There's a constant choice to be made for anyone interested, as I am, in life and the marvellous activities one can fill it with.  I haven't figured out how to make these choices yet.  I am still learning.

Busy-work is so easy to do and leaves you with a sense of being important, somehow - you've probably had many instances of the "sorry, gotta go, I've got so-o-o much to do today" syndrome.  Cleanliness is next to godliness, we are told and what a bear-pit of a trap that idea is!  Keeping busy by cleaning and tending our domicile is looked upon with approval by the society we live in and, in truth, I like to live in a clean (ish), well-ordered home, even if the cost in achieving it is great.
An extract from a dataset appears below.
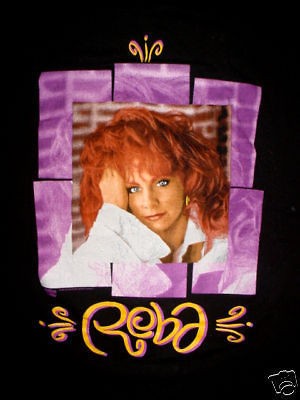 1996 MENS LADIES REBA MCENTIRE COUNTRY BLACK T SHIRT L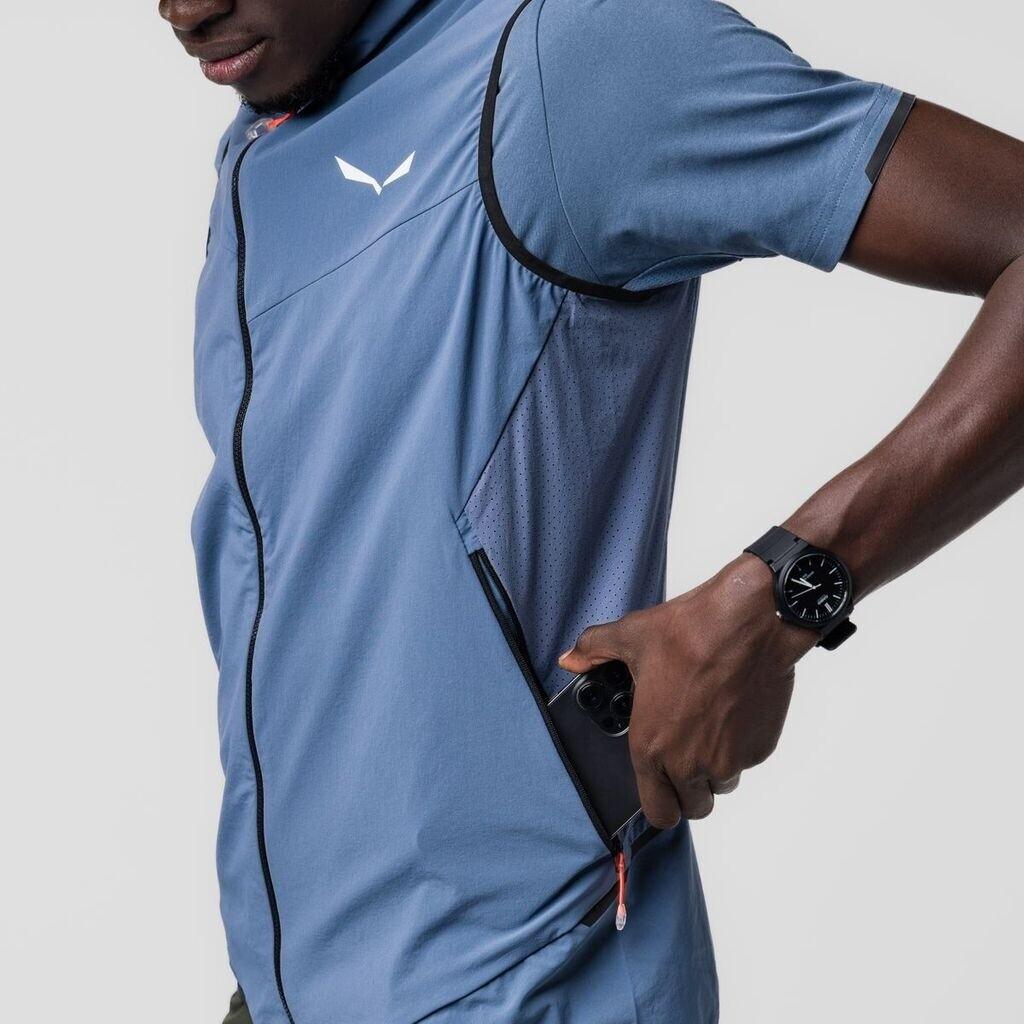 Jacke Salewa Pedroc Durastretch Light Weste Herren Weste Herren java blue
One thinks of Buddhist and Catholic monks and nuns obediently doing their chores and being in the present moment.  I get close to this present moment thing when hanging wet laundry on the washing line that stretches from the back northeast corner of my house, across the deck and to a tree at the edge of the woods.  It is the kind of line you can pull along as you hang the clothes.  With my head tilted up to clip the clothes pegs over the washed clothes, I can see up through strong, heavy branches of the sugar maple growing straight and very sturdy next to the house.  If I'm lucky, a pair of chatting geese will honk their way up the nearby ravine, the top of which is near where I'm standing.  Or, a large sharp-shinned hawk will glide silently from a tree, swooping over the ravine to see what breakfast might be. 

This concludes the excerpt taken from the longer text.